Thanks Mac! I'll try it out this weekend. I'll put up the picture it after the facelift  If you have any other tips, keep em posted. Will serve useful for others too!


----------



## Southern (Nov 17, 2008)

I would test any chemical used to strip the paint on a small hard to see spot on the inside of the car first. Just to make sure it is safe.


----------



## tankist (Jun 11, 2009)

Southern said:


> I would test any chemical used to strip the paint on a small hard to see spot on the inside of the car first. Just to make sure it is safe.


yep. some plastics react (soften) to brake fluid, some to pinesol (which is another solution to deep your car into). i'm not platstics chemist and can't explain further. with that there are some paints that polimerize (much like epoxy) and cannot be dissolved later - flakes removed by brushing


----------



## ALCOS4EVER (Jun 30, 2009)

Brake fluid or PineSol may work. There are also some products you can get from your hobby shop too. I can't remember their names. DO NOT USE "BRAKE CLEANER" ON PLASTIC!!! It is a solvent and will melt the plastic. Make sure to clean the part well in dish detergent and water and allow to dry overnight before repainting to remove all traces of stripper, "Dawn" works great. Good luck.


----------



## andersley (Oct 24, 2010)

There are several strippers made specially for plastic models. One is Chamelion: http://www.chameleonproductsonline.com/
This is one I use regularly with good results. 

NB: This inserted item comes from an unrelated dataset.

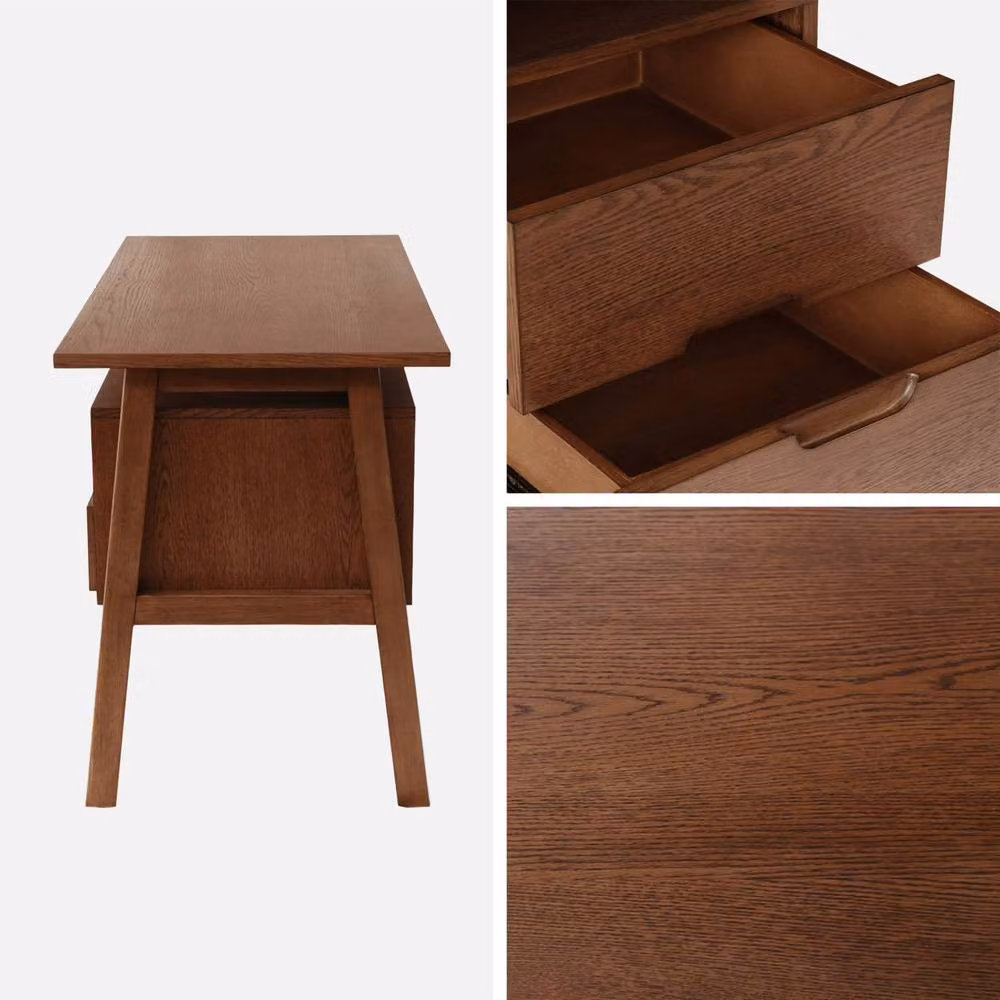 sweeek Modern Writing Desk with 2 Drawers in Dark Brown Oak and Rubberwood Veneer W/D/H: 120 x 60 x 76 cm – 3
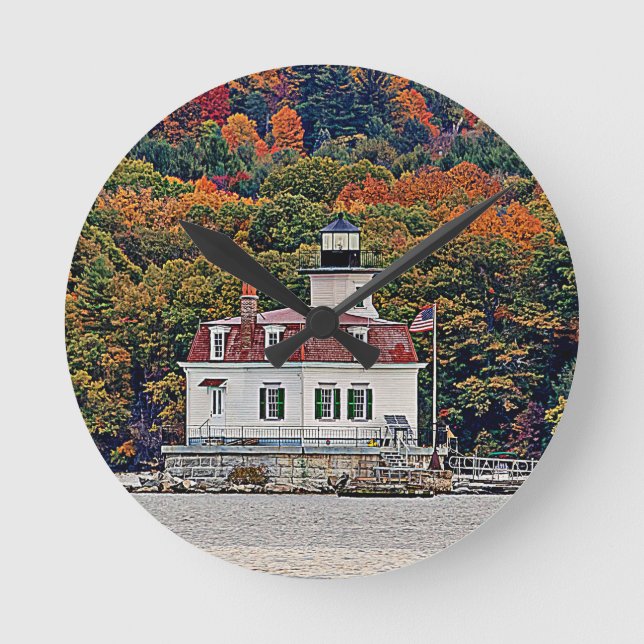 Esopus Meadows Lighthouse Rund Klocka (Framsida)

Another I have used in the past is: http://www.emodels.co.uk/plastic-kits/product_info.php?products_id=17270
This also worked well.

Good luck!


----------



## Vish (Sep 3, 2010)

Thanks guys. I'll try to get the solvents Andersley mentioned. Hope the work..I should get it removed this weekend. Will post the 'After' pic for you guys to see my workmanship


----------



## imatt88 (Jan 31, 2010)

I use Easy Off for everything. Never had a problem


----------



## Smokestack Lightning (Oct 31, 2010)

tjcruiser said:


> Vish,
> 
> Do you plan to disassemble it first? I.e., remove frame, trucks, shell, etc.?
> 
> ...


+1 on oven cleaner on metal:thumbsup:


----------



## Felginator (Oct 20, 2010)

I've used Castrol Super Clean to strip paint from ABS remote control car bodies, never damaged the plastics at all.


----------